Great White Is Landed 4 Miles Off the Coast
NEWPORT BEACH — A local angler fishing four miles off the coast last weekend landed a great white shark, a rare catch for those waters.
Measuring 5 feet and weighing in at a scant 55 pounds, the great white was landed after snatching a hook baited with mackerel.
“Usually, they don’t come down this far south,” said John O’Neil, who was fishing for mako sharks off Crystal Cove with four friends in his 31-foot sportfishing boat when the great white was hooked.
O’Neil said that after catching a few mako sharks near Dana Point late Friday night, the group moved up to Crystal Cove, where they continued “chumming” for sharks.
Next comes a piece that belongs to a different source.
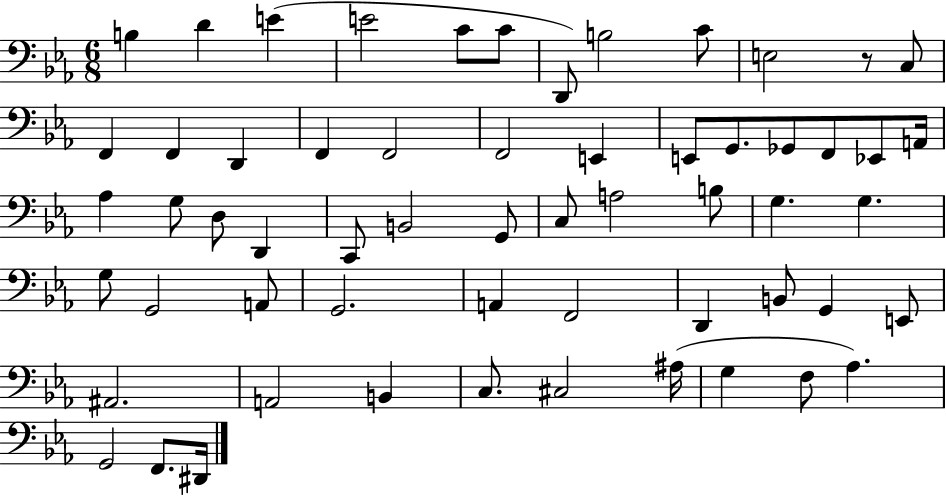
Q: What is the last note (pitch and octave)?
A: D#2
Chumming is a procedure in which the crew throws ground fish into the water, kills the engine and waits for the big fish.
O’Neil, who is having the great white mounted, said that once the shark was in the boat the crew realized it was not a mako. Five minutes earlier, Brian Belknap had hooked a 100-pound blue shark. Belknap was also the primary fisherman to haul in the great white.
“They are such an isolated species,” said Stanley Cummings, executive director of the Orange County Marine Institute. “Any time you catch a white shark, it is a rare incident.”
Great whites are found all over the world, ranging from the frigid waters of Alaska to the tropical environments of Southern California, Panama and Chile. They live mostly in offshore and coastal areas and feed primarily on seal, sea lions and a variety of fish. However, they are known to attack humans. In the hit movie “Jaws,” a monstrous great white terrorized beach-goers over a Fourth of July weekend.
“They are found all over the world and not restricted to one ocean. They begin to fend for themselves as soon as they are born,” Cummings said, noting that the shark caught near Crystal Cover could have been hundreds of miles from its birthplace.
However, the shark may have been born close to where it was caught, according to another marine biologist.
“There are very good indications that great whites breed and mate down here in Southern California,” said Dennis Kelly, a marine biology instructor at Orange Coast College.